WHAT IS EXPECTED => The reply should contain all the data below, repeated exactly, and none of the images.

THE DATA =>
·····

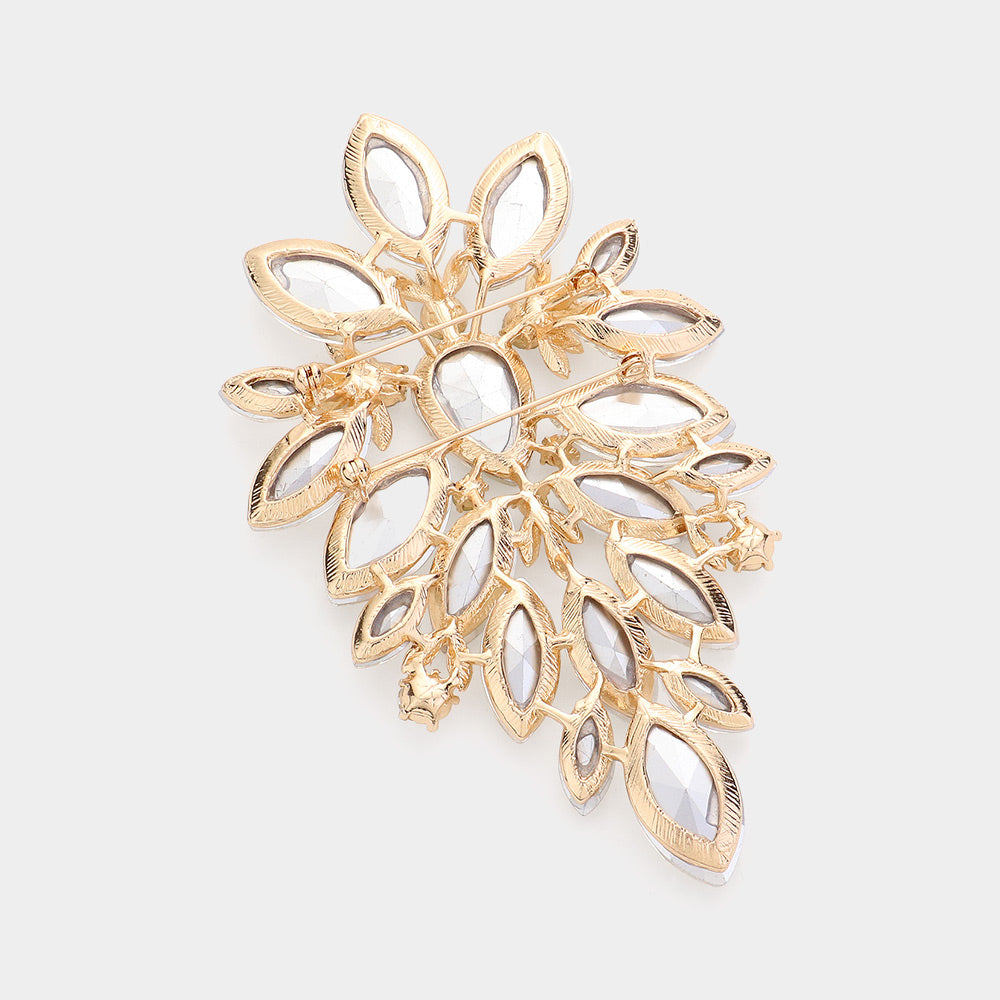 Madeline Love AB, Gold Marquise Stone Cluster Embellished Pin Brooch - Brooches - desc
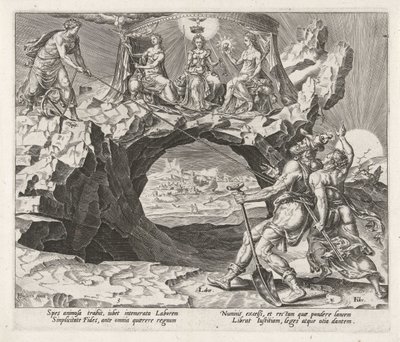 Geloof en hoop brengen de arbeider tot godsvrucht door Philips Galle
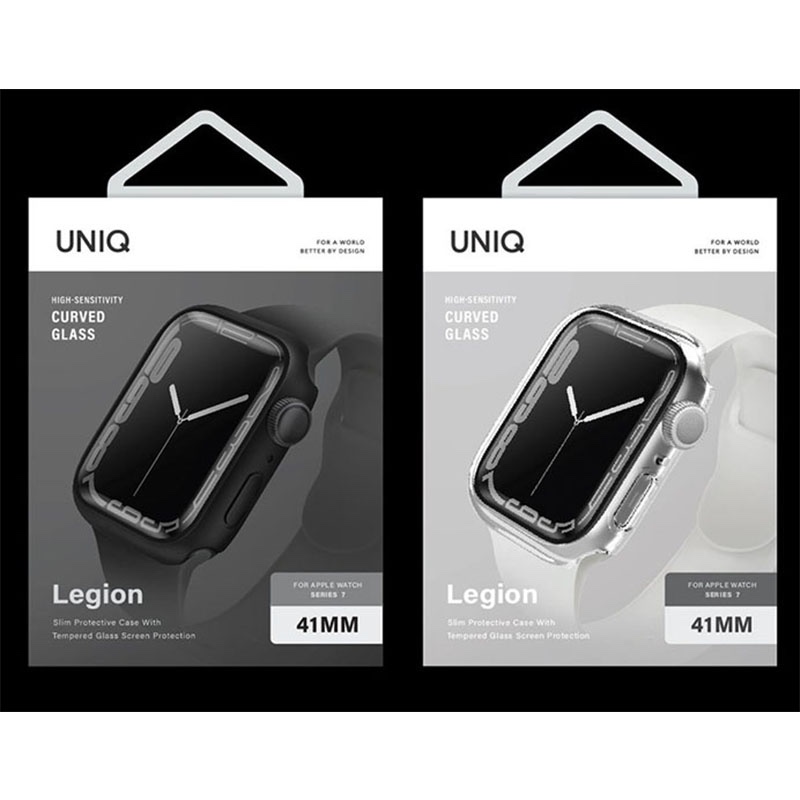UNIQ LEGION Case for Apple Watch Series 7/8/9 with 9H Tempered Glass Screen Protection 41MM - Midnight (Black)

·····

RESULT FOR THIS EXERCISE =>
 Madeline Love AB, Gold Marquise Stone Cluster Embellished Pin Brooch - Brooches - desc
 Geloof en hoop brengen de arbeider tot godsvrucht door Philips Galle
UNIQ LEGION Case for Apple Watch Series 7/8/9 with 9H Tempered Glass Screen Protection 41MM - Midnight (Black)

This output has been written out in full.